Two such common examples of “apostate passages” that are occasionally misunderstood would include II Peter 2:20-22 (note (1) the recipient’s identification in verses 1, 12, 17, 19, etc., (2) the recipient’s comparison in verses 4, 5, 6, and (3) the contrasted eternal security of Lot in verses 7, 8, 9), and Hebrews 6:4-6 (note (1) the contrast between the unsaved apostate and the Hebrew Christians in verse 9, (2) the first phrase in verse 6 which is a Greek participle actually apart of the apostate’s description in verses 4-5, and (3) the term “partakers” in verse 4 which is translated from the Greek term metochous, implying “to go along with”; thus, these apostates were influenced by the Gospel (having tasted it by having the only way of salvation being enlightened to their understanding), yet they reject and spit out God’s will and “fall away.”).

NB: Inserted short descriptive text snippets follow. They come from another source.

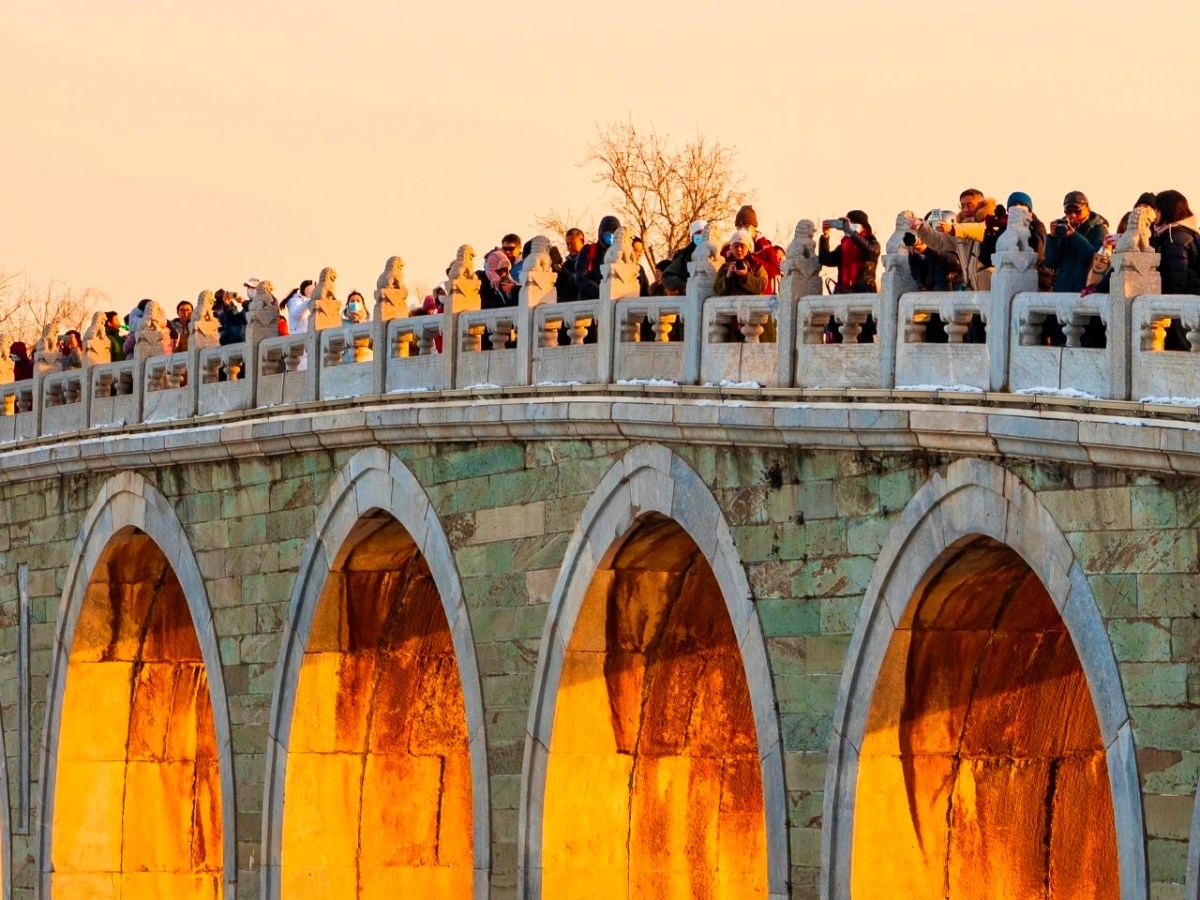 MAGNIFICENT PHOTOS OF WINTER SOLSTICE IN&nbsp;CHINA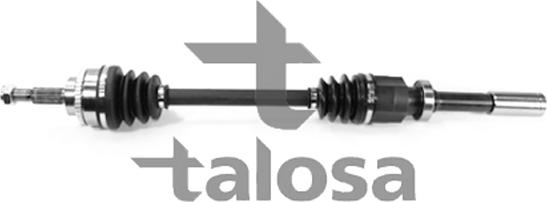 Talosa 76-RN-8146A - Arbre de transmission cwaw.fr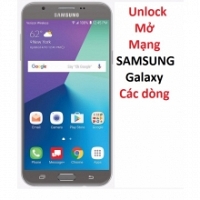 Mua Code Unlock Mở Mạng Samsung Galaxy J7 Uy Tín Tại HCM
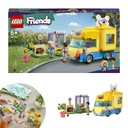 LEGO FRIENDS DOG RESCUE VAN 41741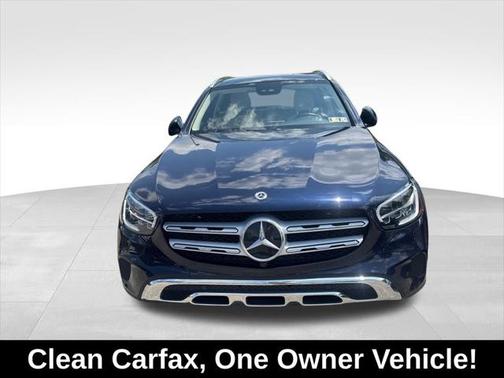 2022 Mercedes-Benz GLC 300 4MATIC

Many passages throughout the New Testament address the subject of apostasy in referring to those having been exposed and somewhat interested in the Gospel, but who have rejected it for some other system of doctrine in which they preferred (examine closely the epistles of Galatians, Colossians, II Peter, and Jude for just a few further examples among any; virtually every New Testament epistle addresses some form of apostasy; see II Corinthians 11:13-15).
So then, with regard to an individual who could potentially lose their salvation, he/she keeps it in as much as they are capable of keeping it (they reason that God does not turn his back on the individual, but that the individual best not turn their back on God, for they will undo what God has done!). The person, thus, will be secure inasmuch as they are capable of keeping themself secure. Therefore, the practical outcome of such wrong understanding is that human merit determines personal security or insecurity. What causes insecurity [personal sin] is the failure of one’s previous security [personal ability].
Where does God fit in with all of this? Is God passively sitting back watching His children go to Hell? It is not hard to see such humanism in one’s thinking. Individuals are not saved simply because they choose to be saved, but because God wills them to be saved (individual’s could will and strive to experience salvation all day, but without that being God’s sovereign will in which they reacted to, they never would experience salvation); likewise, individuals do not remain eternally secure because they choose or strive to be eternally secure, but because God wills them to remain eternally secure (individuals could will and strive to experience security all day, but without that being God’s sovereign will in which they react to, they never would experience eternal security).
The point is this, the grace of God through the Gospel determines the individual’s salvation; the grace of God through the Gospel determines the individual’s eternal security. In both cases, this was accomplished in spite of the individual’s merit or lack of merit. Eternal salvation is determined by God and not humanity. To assume that one is saved by Divine grace, but is kept by human merit is a logical fallacy (see Galatians 3:3; 4:9; 5:1).
Always remember that people are not saved today and lost tomorrow for Christians are “born twice, not thrice.” The Christian life is not you holding on to God, but is rather, God holding on to us (notice the focus). Therefore, the issue is for us to continue to learn to live in accordance with who we already are in Christ (not in our human ability’s creation, but God’s creation), and not to live someone else’s life (one cannot be something they are not; to live the life of God presupposes one has the life from God). Because we are permanently a Christian, we may as well live permanently like a Christian by not viewing/serving God in fear (fear of losing one’s salvation), but in love (appreciation of eternal salvation; see I John 4:18).